Everything in the records must appear again exactly, except the images.

== Data for review ==
····················

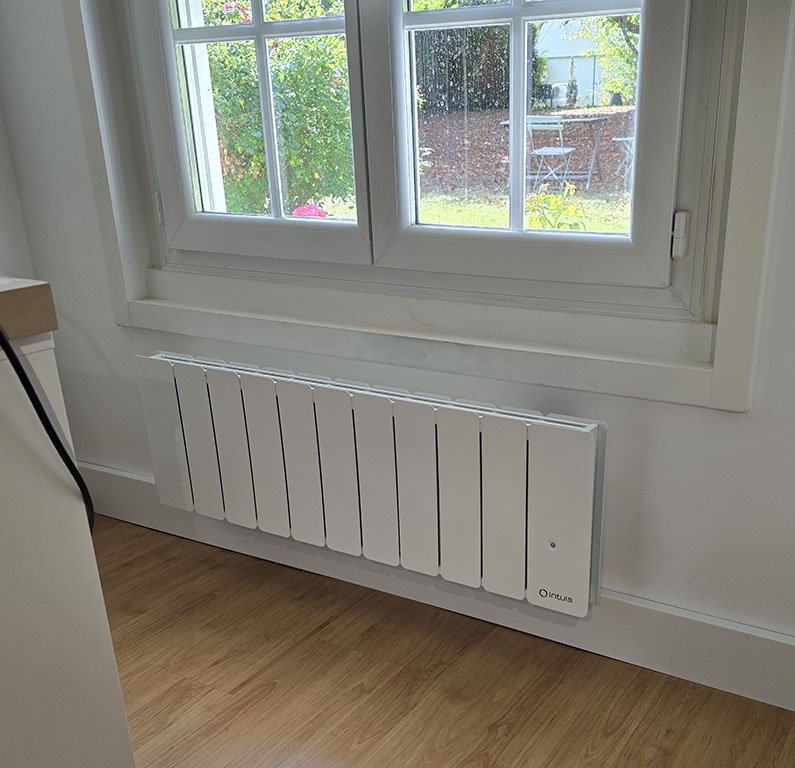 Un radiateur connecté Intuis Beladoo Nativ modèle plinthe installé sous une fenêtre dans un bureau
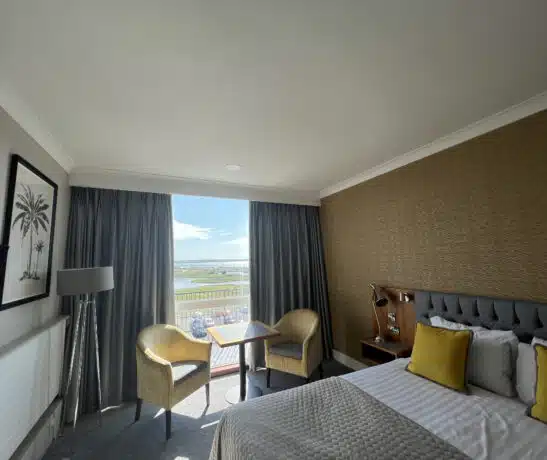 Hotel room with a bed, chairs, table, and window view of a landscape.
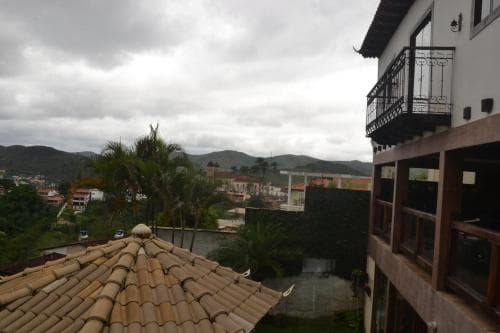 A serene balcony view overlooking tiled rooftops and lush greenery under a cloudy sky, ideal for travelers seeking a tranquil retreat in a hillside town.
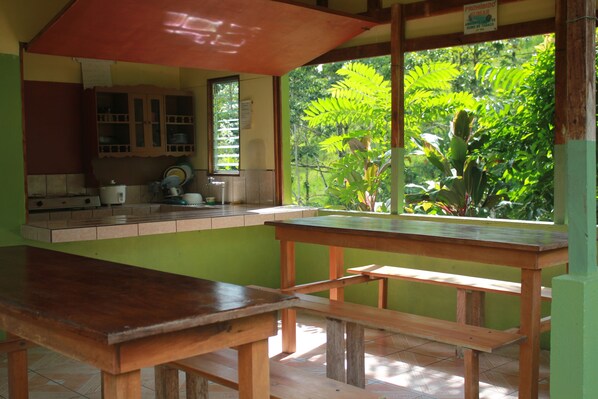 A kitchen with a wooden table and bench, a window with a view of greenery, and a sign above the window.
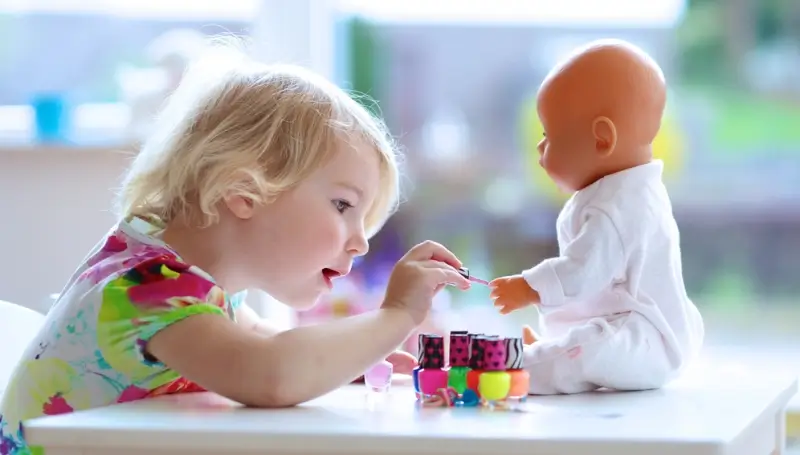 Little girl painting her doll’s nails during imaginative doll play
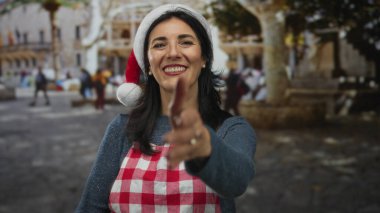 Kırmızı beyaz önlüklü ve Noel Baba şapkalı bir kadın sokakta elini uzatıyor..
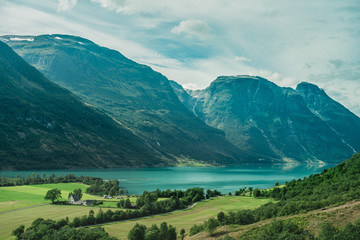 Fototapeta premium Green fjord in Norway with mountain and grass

····················

== Completed exercise ==
 Un radiateur connecté Intuis Beladoo Nativ modèle plinthe installé sous une fenêtre dans un bureau
 Hotel room with a bed, chairs, table, and window view of a landscape.
 A serene balcony view overlooking tiled rooftops and lush greenery under a cloudy sky, ideal for travelers seeking a tranquil retreat in a hillside town.
 A kitchen with a wooden table and bench, a window with a view of greenery, and a sign above the window.
 Little girl painting her doll’s nails during imaginative doll play
 Kırmızı beyaz önlüklü ve Noel Baba şapkalı bir kadın sokakta elini uzatıyor..
 Fototapeta premium Green fjord in Norway with mountain and grass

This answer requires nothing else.